After Aguirre, a man named Don Martin, a climate activist and resident of a South L.A. neighborhood polluted by a toxic waste site, took the mic. “The message is simple,” Martin said. “S.O.S. When you are in trouble at sea, you send a distress signal: SOS–Save Our Ship. Well I’m saying S.O.S for us–Save Our Selves.” Martin went on to describe how he got into climate justice work after his wife and 8-year-old niece were diagnosed with cancer related to chemical exposure. His wife died from her illness. His niece is in remission. “I sat next to my wife on her deathbed, as she rattled her last breath,” Martin said. “I stand on the front lines every day.
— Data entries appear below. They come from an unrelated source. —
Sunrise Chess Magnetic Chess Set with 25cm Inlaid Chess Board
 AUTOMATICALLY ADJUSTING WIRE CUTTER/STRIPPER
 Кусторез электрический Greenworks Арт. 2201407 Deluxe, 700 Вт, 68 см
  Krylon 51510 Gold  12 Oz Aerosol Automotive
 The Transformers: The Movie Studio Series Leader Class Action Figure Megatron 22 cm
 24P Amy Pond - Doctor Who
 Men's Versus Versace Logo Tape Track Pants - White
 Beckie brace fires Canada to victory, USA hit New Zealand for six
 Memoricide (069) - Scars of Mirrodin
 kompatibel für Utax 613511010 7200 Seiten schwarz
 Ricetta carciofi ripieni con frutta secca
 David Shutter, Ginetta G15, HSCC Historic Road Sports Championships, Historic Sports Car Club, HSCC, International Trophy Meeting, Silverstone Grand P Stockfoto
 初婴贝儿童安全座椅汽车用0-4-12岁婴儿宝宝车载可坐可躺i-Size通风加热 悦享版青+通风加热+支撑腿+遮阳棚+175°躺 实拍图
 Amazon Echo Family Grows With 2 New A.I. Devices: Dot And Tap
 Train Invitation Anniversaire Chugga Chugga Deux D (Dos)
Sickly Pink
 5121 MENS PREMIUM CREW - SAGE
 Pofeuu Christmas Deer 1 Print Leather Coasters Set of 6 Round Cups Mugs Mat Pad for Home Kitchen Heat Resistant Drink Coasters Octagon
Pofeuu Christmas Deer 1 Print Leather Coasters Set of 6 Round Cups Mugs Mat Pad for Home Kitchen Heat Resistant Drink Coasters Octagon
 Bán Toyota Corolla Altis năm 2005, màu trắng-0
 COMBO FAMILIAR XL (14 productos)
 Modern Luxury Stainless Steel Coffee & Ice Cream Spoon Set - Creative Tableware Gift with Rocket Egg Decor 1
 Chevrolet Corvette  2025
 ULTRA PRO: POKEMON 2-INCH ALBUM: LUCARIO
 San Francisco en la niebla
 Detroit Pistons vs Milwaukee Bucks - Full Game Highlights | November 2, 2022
I live within 300 feet of a 24-hour toxic waste disposal unit that blows into my window as I sleep. We have to save ourselves. They’re not going to save it for us.”
Later, Joaquin Phoenix took the stage, chewing gum in RayBans and a black “Animal Equality” sweatsuit. But as the crowd cheered, he threw focus to yet another organizer, a 17-year-old activist he introduced as “our future president:” Nalleli Cobo, who has been fighting oil wells in South L.A. since she was 9. Cobo went to school 30 feet from a notorious L.A. oil well, known as the AllenCo drilling site. She grew up with constant nosebleeds, chronic asthma, and heart palpitations so strong she frequently had to be hospitalized. But Cobo, who started passing out flyers and protesting as a preteen, told the crowd how her community had gotten AllenCo closed in 2013. “We started going to community meetings and letting these elected officials know that they work for us,” Cobo said. “We put them in those seats and we can just as easily take them out.”
The local focus resonated with attendees, who understand as well as anyone how far the state must go to meet their stated climate goals. In the crowd that morning was Nithya Raman, a progressive candidate for Los Angeles City Council, the most powerful city council in the country, who has made progressive housing policy and environmental justice a key part of her platform. “There is a missing sense of urgency in city hall when it comes to climate,” Raman said. “Los Angeles plans on going carbon neutral two decades after the UN’s climate deadline of 2030. That is not acceptable, especially when climate change impacts the most vulnerable first.”
When the rally ended, Fonda and Lear led the crowd in a march through downtown L.A. towards a tall building at the heart of the financial district. Protesters filed into the lobby of the Paul Hastings Tower, home to Maverick Natural Resources, which operates a large number of oil and gas wells in Southern California and the Central Valley. Fonda, who is still involved in legal proceedings from prior arrests, couldn’t participate in civil disobedience for 90 days. But as the actress watched from outside, activists like Raman sat down on the lobby floor and started to sing.
“I don’t know if anyone is going to be arrested,” Fonda said. “But civil disobedience has to become the new normal... We have marched, we have petitioned, we have written, we have lobbied—and they haven’t listened. But we’re going to have to become bigger and bigger and become an army that shuts the government down if needed.”